***** DATASET SECTION *****

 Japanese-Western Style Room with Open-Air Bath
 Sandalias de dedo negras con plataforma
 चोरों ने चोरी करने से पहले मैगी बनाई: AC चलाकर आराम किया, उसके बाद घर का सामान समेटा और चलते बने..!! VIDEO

*****

**TASK BRIEF**:
Please transcribe only the portion of the material that starts at the line containing "Sandalias de dedo negras con plataforma" and runs through its last line, inclusive, exactly as given.

**THE ANSWER**:
 Sandalias de dedo negras con plataforma
 चोरों ने चोरी करने से पहले मैगी बनाई: AC चलाकर आराम किया, उसके बाद घर का सामान समेटा और चलते बने..!! VIDEO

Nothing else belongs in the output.